Recently I’ve had to pack up my computer as I’m relocating. It’s going to be packed up for about a month. To do this, I had to drain the rig out. This gives me some time to think about improvements I can make before putting it all back together.
I have a few things I want to do…
The CPU Block has some gunk on it already, likely from using the Cryofuel solid premix solution. Even the tubing has a white residue built up on the lower surfaces. So, I have to dismantle the block and clean it. While looking up how to do this I noticed that I can actually rotate the block so my CPU runs aren’t vertically stacked but proper horizontal runs. This is going to be a lot easier to implement, making the build look much cleaner! I’ll also use two right-angle fittings to reduce the number of bends required.
Required Work & Parts:
- 2 pieces of tubing
- 2x 90degree fittings
- Disassemble the CPU block
- Clean with toothbrush & distilled water + dish soap
- Re-assemble rotated 90 degrees
- 2*90degree bends in each piece of tube
- reassemble loop
I hate how difficult it is to see the GPU Cold Plate, so I’m going to vertically mount it. I’ll pickup a vertical GPU mount bracket and re-do the GPU runs as well. Having a look at how it’ll come together, I need a refresher on how the distro-plate is intended to be configured:
And then a peek at how to vertical GPU mount looks:
It’s hard to say until I get everything in the case to see what it looks like, but I think it’ll take a 90 degree bend at both ports of the GPU block, and then a 90 degree bend in a different direction to get into the block. Having tried this before, I’m going to pickup a few 90-degree fittings to attach to the GPU block so each bend should only need one 90-degree bend in one direction.
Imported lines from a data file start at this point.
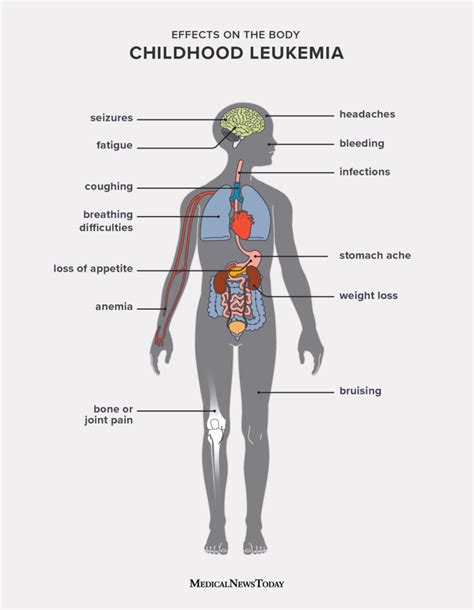 11 Symptoms Of Leukemia In Children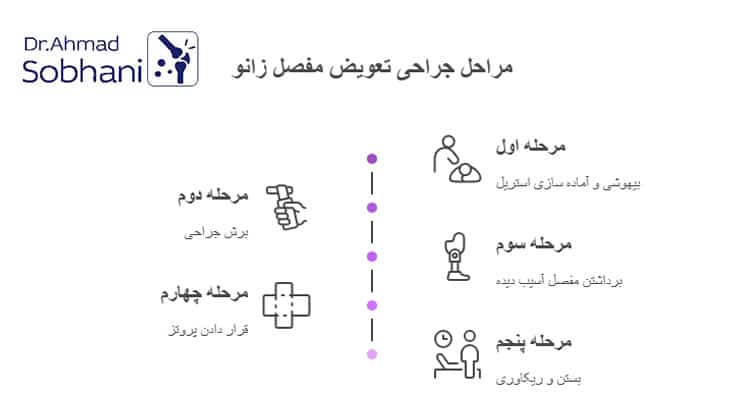 جراحی تعویض مفصل توسط جراحان مفصل زانو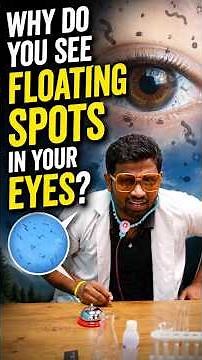 Why Do You See Floating Spots in Your Eyes? 👁️✨#Science #EyeFloaters #Vision #EyeHealth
I had planned at the start to add another radiator, and I think this is a great time to do it. My GPU temperatures have been insane, at full load it barely pushes 5 degrees over ambient. However, the CPU loop is preforming worse than I had expected with idle temps about 15-20 degrees above ambient and at load pushing 35-45 above ambient. The CPU Loop is after the GPU loop so it’s understandable that it would preform a little worse.
The first radiator I bought is really too large for the system - it just barely squeezes in with a lot of force and there’s quite a lot of torque on the poor screws. I won’t make that mistake twice! The Diagram for the GPU mount states that we have 63mm of room at the bottom to work with, 25mm of which are taken up by the Ek-Vardar Fans, lets shave off 3mm to have a small gap leaving just 35mm for a radiator.
The bends for the radiator loop are very simple, just two simple 90-degree bends. I’ll also need two more fittings for it.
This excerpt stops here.